**DATASET CONTENT:**
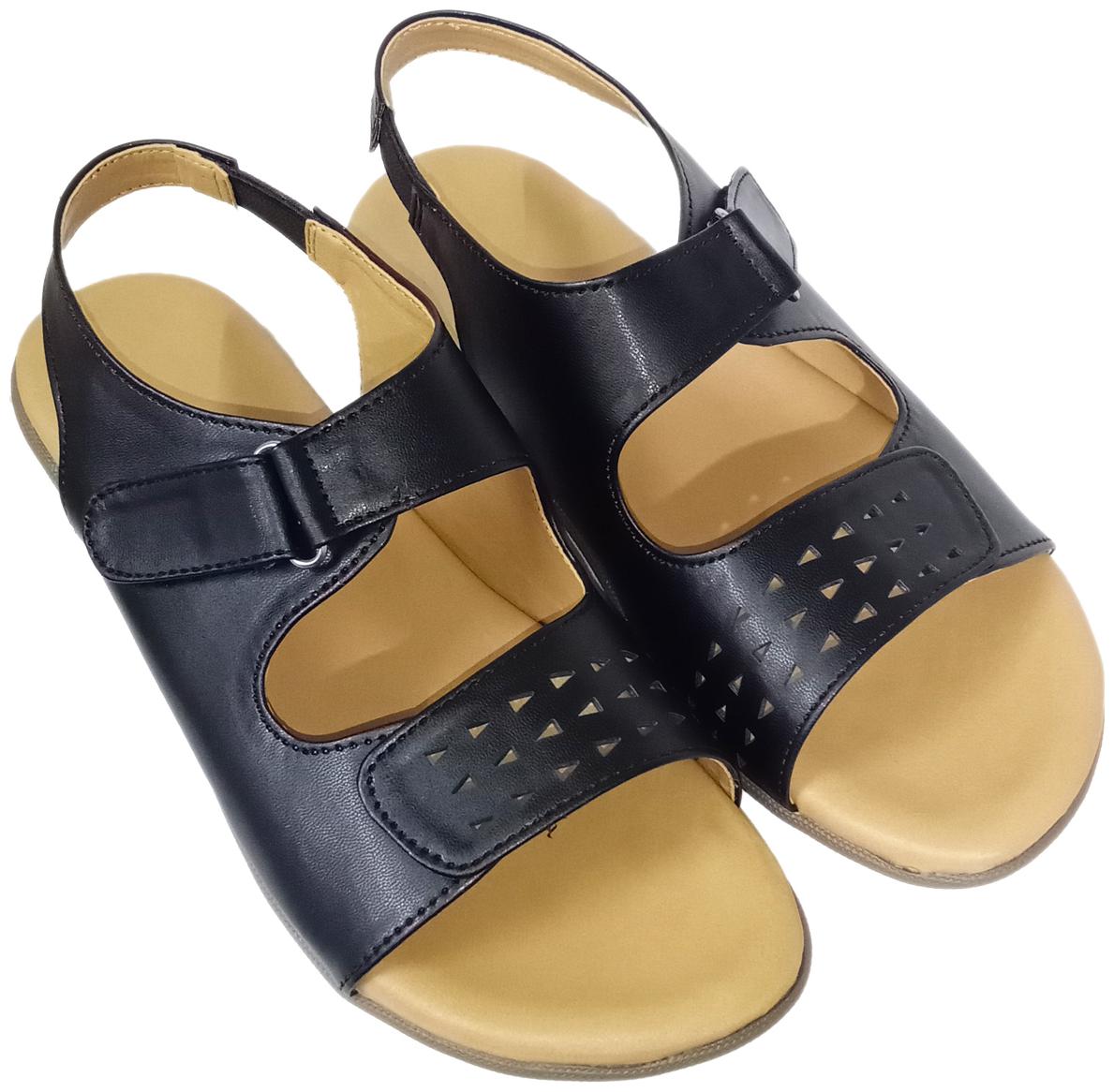 

Saanvishubh Women Black Sandals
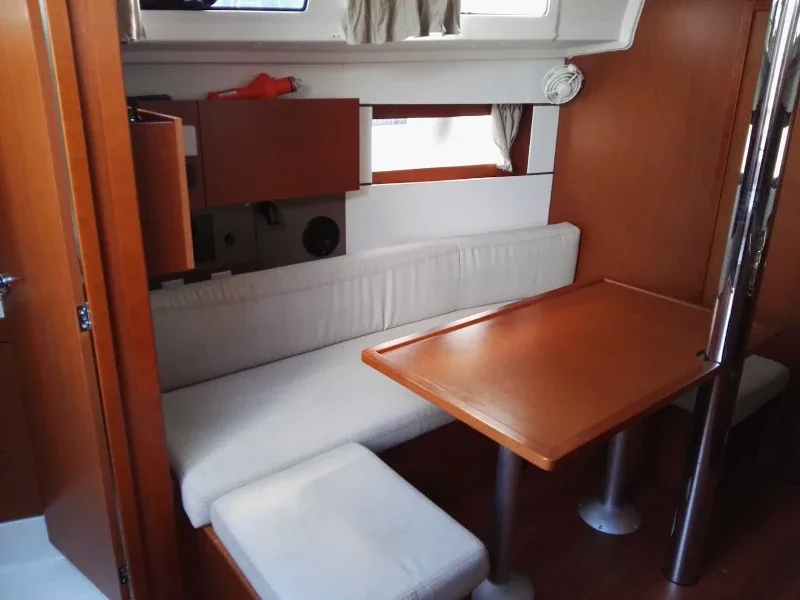 Yacht BENETEAU Oceanis 38.1 - Dani - Foto 1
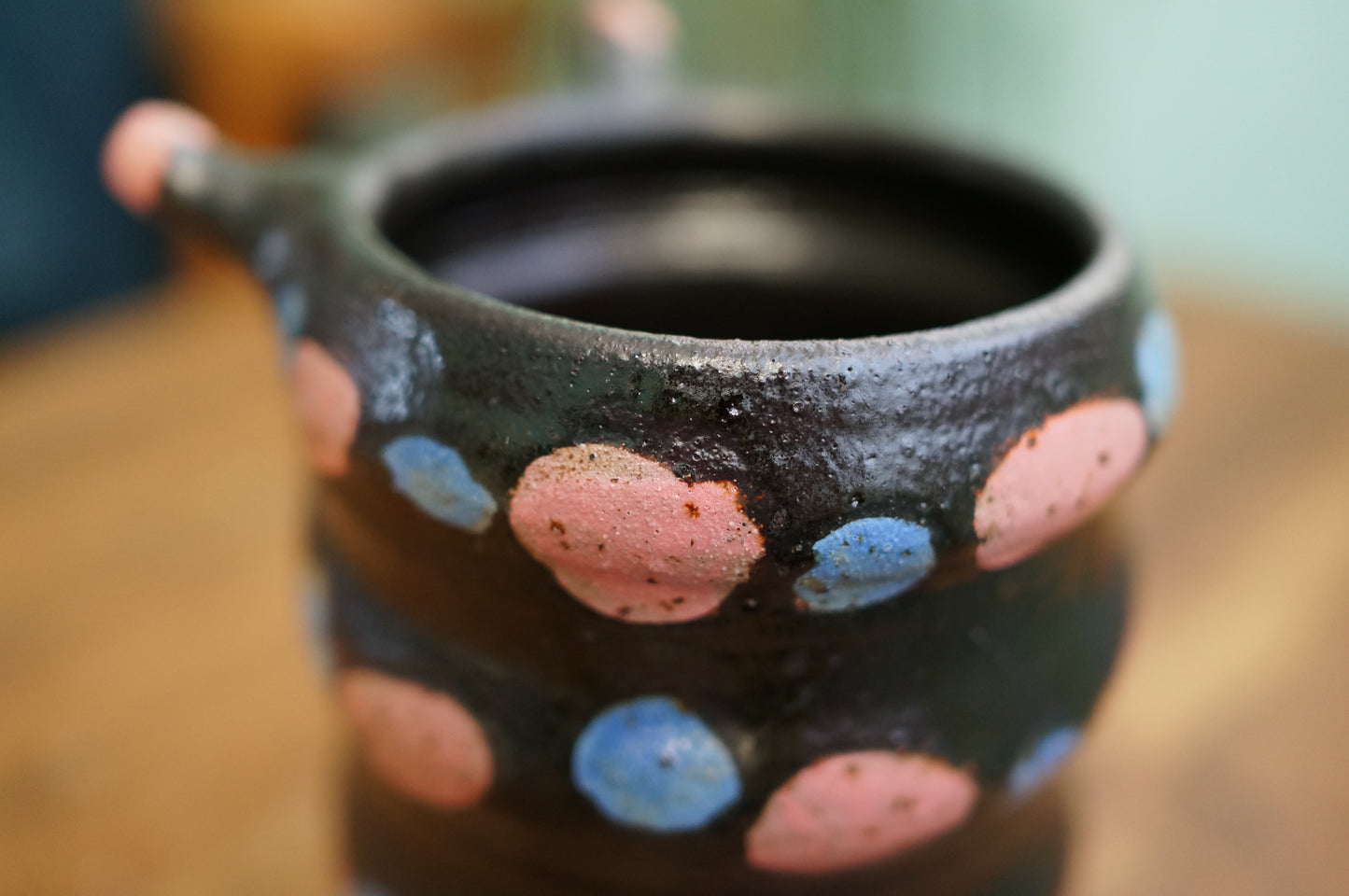 Black Caterpillar Vase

**REQUIRED WORK:** Write out the data above exactly as it appears, but without any image.

**WORKED SOLUTION:**
Saanvishubh Women Black Sandals
 Yacht BENETEAU Oceanis 38.1 - Dani - Foto 1
 Black Caterpillar Vase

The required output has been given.